HE might seem to be the unlikeliest source of truth and wisdom, but the handlebar-moustached alter ego of comedian Heath Franklin has matured since his first appearances on television eight years ago.
Back then, Franklin’s send-ups of the notorious Melbourne criminal Mark “Chopper” Read merely exaggerated the characteristics that the real man made famous. The threats of violence delivered in that whiny, nasal voice. The big belly in the tight t-shirt. Read’s unashamed resentment for authorities, minorities and, perhaps most persistently, dishonest drug addicts.
Be it as a weather man, a driving school instructor or a petting zoo attendant, it was all about satirising the surface rather than delving into the depths.

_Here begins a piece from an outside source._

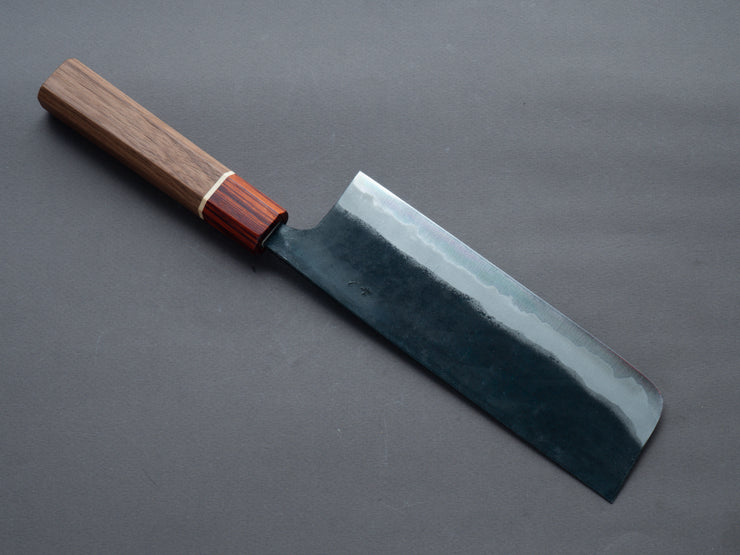 Hitohira - Tosa - Kurouchi - Blue #2 - 170mm Nakiri - Walnut Handle (Rengas Ferrule)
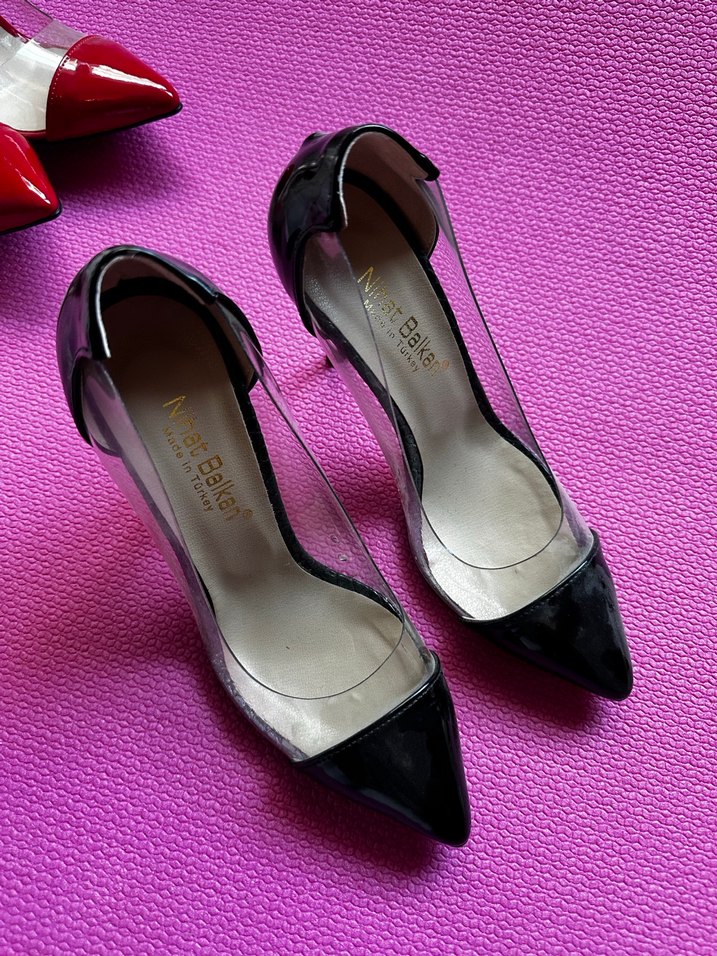 Siyah Rugan Şeffaf Stiletto Topuklu Kadın Ayakkabı - Görsel 2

By the time the real Chopper had put away his handguns and turned to quietly writing novels from a rural farmhouse in Tasmania, the sketch comedy Chopper was still pretending to fire them on television. Somehow Heath Franklin and, on a bigger screen, Eric Bana, looked and sounded more like the Mark Read we remembered than the original one.
Down south it seemed like the man had grown old and forgiven his many enemies but up there on stage with Franklin, the enemy was still squarely in the crosshairs. Nothing was sacred and no one was safe.
As the name of Franklin’s current tour might suggest, now Chopper has set his sights on the big man upstairs. His latest incarnation of the Collingwood con has robes draped over his beer gut and his prison tattoos. Mark Read is no longer just a westie with a record, but a figure of eternal divinity - the sandals of Jesus have evolved into rubber thongs.
Swigging on a warm stubby in his saggy jeans, our new Bogan Jesus has entered the Newcastle Town Hall. Within the first minute of his sermon, Franklin has cast his judgement on two blokes in the front row of the audience. To his left is a student and to his right is a machinist, and in a way the two men form a handy sample of the evening’s demographic – a blue collar and a no collar.
When the latter rather meekly confesses that he studies for a living, Chopper twitches in a mock disgust. “So what you’re really telling me,” he asks between beer chugs, “is that you do nothing?”
But the more important question that he asks these two, and then later to the rest of the audience, is whether they are any sort of genuine, spiritual believers. This of course seems like an unexpectedly complex thing for Chopper to be pondering over, but it doesn’t take long for the audience to realise than in his dog-eat-dog world, only the humblest among us hold the secrets to a lasting fulfillment.
Anything more complicated than a day of hard work in the yard or a drunken argument with your mates on the front lawn is only insincere, inner-city elitism.
As the Bogan Jesus delivers his own hilarious and irreverent version of the sacred commandments, it becomes clear that it is these white collar elites who are the real sinners.
These are the wankers who ride scooters to the office rather than drive V8s to the work site. They are the holidayers drinking coffee in Paris rather than the revellers drinking beer in Bali. Wankers lift tyres on the weekend in their cross-fit classes. Workers lift tyres for a living.
In the eyes of Chopper it is the suburban Australian bogan that is the real modern day hero – honest, modest and suspicious of anything false or pretentious. In a comical imagining of your next neighbourhood power failure, Franklin reminds us that it is only the bogans who would have a clue what to do. In wealthier suburbs, distressed residents would wait patiently on hold to the electricity company. Bogans would plug in a generator, keep the beers cold and have a good laugh.
And having this good old laugh is exactly what Franklin does in this show – at himself, at religion and most of all, at the pretenders. He might still pretend to fire a few pistols into the audience but his most accurate aim is reserved for all of those precious, culturally-sensitive touchstones for political correctness.
His assaults upon these targets are as brash as they are relentless. Dogs, Franklin confesses, would easily make it onto his menu if they tasted as good as pigs. In the depths of the oceans surrounding Chopper-land, dolphins are the over-sensitive imposters who can’t even breathe by themselves. Amputees with prosthetic legs might in some situations make convenient bread-butterers in prison.
Married retirees who frequent franchise cafeterias are the same as felines who suddenly find themselves on Franklin’s lap – inconveniences beyond any redemption.
As uproariously entertaining as these observations were, the best moments of the evening were also the most spontaneous. At least a couple of times, from somewhere near the back of the audience, a lone voice rang out to heckle the Bogan Jesus and stop him instantly in his tracks.
As ever, Chopper’s solution was more about his own form of justice than any other, more legal or legitimate kind. Imagining himself with the heckler in the car park after the show, his redemption and their come-uppance reminded as all that even in his priestly robes, there would always be a criminal with a conspiracy hidden somewhere up his shirtsleeves.